この段階では、以下のことを完了させてください。

カメラと付属品を選択

Mech-Eye産業用3Dカメラは、Mech-Mindが独自に開発した高性能な産業用3Dカメラです。多種多様なワークに対し、高精度な点群データの生成が可能です。カメラごとに外乱光耐性/小型/ミクロン単位の高精度といった特徴があり、豊富な製品ラインナップで様々なニーズに対応します。

  1. 実際のプロジェクトでは、カメラのワーキングディスタンス、視野、および精度の要件に基づいて、適切な型番を選択してください。

    カメラ型番を選択する際には、以下のことが参考になります。

    1. 3Dカメラ型番選択ツール を使用して、対象物の寸法に応じて適切な型番を選択します。

    2. 複数の型番が要件を満たす場合、カメラの特徴、利用シーン および精度要件に基づいて、最適な型番を選択してください。サポートが必要な場合は、Mech-Mind株式会社の営業担当やプリセールスにお問い合わせください。

  2. カメラ型番を選択するだけでなく、実際のプロジェクトの要件に応じて、電源モジュール、カメラのLANケーブル、キャリブレーションボードなどの付属品も選択する必要があります。詳細については、カメラ付属品の選択 をご参照ください。

カメラの取り付け方式を選択

カメラとロボットの相対的な位置関係やタクトタイム要件に応じて、カメラの取り付け方式を選択します。一般的な取り付け方式には「Eye to hand(ETH)」と「Eye in hand(EIH)」があります。

取り付け方式

Eye to hand(ETH)

Eye in hand(EIH)

説明

カメラがスタンドに取り付けられています。

カメラはロボット先端に取り付けられています。

説明図

eth

eih

特徴

  • この取り付け方式では、撮影位置と角度が固定されており、より広い視野範囲を実現できます。

  • ロボットはタスクを実行する際にカメラの撮影を待つ必要がないため、生産効率とタクトタイムが向上します。

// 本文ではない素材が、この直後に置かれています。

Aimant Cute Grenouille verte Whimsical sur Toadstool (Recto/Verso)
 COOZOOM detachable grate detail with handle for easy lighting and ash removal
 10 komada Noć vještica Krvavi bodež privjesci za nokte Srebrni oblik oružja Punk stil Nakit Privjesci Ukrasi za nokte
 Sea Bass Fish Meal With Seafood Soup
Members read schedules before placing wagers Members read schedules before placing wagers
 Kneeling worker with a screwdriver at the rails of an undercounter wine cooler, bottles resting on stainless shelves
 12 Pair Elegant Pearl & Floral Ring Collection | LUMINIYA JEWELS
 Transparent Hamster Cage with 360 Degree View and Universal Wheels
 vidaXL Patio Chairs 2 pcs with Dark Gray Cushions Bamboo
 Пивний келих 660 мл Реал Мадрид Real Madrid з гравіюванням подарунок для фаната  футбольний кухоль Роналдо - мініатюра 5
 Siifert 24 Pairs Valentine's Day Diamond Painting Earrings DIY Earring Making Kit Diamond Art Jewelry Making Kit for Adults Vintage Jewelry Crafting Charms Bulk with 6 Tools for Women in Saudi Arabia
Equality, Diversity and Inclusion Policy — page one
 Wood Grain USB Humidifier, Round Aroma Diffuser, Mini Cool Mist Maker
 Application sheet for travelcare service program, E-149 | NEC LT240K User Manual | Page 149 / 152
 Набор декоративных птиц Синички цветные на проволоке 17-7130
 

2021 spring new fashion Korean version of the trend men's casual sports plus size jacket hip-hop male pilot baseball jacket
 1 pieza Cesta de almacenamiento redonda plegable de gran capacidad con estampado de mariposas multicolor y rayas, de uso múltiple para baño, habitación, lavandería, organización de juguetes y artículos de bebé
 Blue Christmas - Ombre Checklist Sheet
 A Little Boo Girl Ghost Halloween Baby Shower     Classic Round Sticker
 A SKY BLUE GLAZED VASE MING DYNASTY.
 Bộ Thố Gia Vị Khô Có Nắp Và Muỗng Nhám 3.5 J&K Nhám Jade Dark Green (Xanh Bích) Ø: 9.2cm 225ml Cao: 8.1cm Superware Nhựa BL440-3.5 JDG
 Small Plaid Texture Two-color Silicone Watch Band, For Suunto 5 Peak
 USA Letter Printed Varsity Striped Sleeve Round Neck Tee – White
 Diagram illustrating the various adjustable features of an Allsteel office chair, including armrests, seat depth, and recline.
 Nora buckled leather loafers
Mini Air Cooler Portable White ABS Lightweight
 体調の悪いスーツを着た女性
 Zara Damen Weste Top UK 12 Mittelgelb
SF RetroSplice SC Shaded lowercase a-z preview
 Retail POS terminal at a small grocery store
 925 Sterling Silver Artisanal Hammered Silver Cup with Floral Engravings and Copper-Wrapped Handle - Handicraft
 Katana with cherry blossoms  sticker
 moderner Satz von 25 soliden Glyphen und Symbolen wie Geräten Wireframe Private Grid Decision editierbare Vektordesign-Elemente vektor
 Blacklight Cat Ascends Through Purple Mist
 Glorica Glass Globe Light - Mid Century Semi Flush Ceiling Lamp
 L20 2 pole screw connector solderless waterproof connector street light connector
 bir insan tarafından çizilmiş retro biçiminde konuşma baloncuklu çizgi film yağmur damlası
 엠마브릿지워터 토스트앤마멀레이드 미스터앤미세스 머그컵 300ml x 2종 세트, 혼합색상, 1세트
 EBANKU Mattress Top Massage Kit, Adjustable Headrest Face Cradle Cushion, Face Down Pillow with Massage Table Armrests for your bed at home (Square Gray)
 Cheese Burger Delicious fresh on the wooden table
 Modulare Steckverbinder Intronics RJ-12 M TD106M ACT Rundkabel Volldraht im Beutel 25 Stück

  • この取り付け方式では、撮影位置と角度がより柔軟になります。カメラはロボットアームに取り付けられ、ロボットアームとともに正確に移動・位置決めされるため、カメラは複数のパレット位置に適応できます。また、ロボットはカメラの撮影位置を変更して異なる高さのパレットにも対応可能です。

  • ただし、この取り付け方式では、ロボットはタスクを実行する際に撮影を待つ必要があるため、全体のタクトタイムに影響があります。

また、カメラの視野を拡大し、重複した視野の点群の品質を向上させるために、プロジェクトでは複数のカメラを取り付けることがあります。これは「Eye to eye(ETE)」取り付け方式と呼ばれます。

ete

どのカメラ取り付け方式を選択するにしても、取り付けにはカメラ取り付けスタンドを使用します。カメラ取り付けスタンドの設計に関する詳細な情報は、カメラ取り付けスタンドの設計 をご参照ください。

IPC型番を選択

Mech-MindのIPCは、Mech-Mindソフトウェアが必要とする標準的な実行環境を提供し、ソフトウェアの機能と性能を最適化できます。

IPCの 適用シーンや技術仕様 に基づいて、IPC型番を選択してください。詳細は下表の通りです。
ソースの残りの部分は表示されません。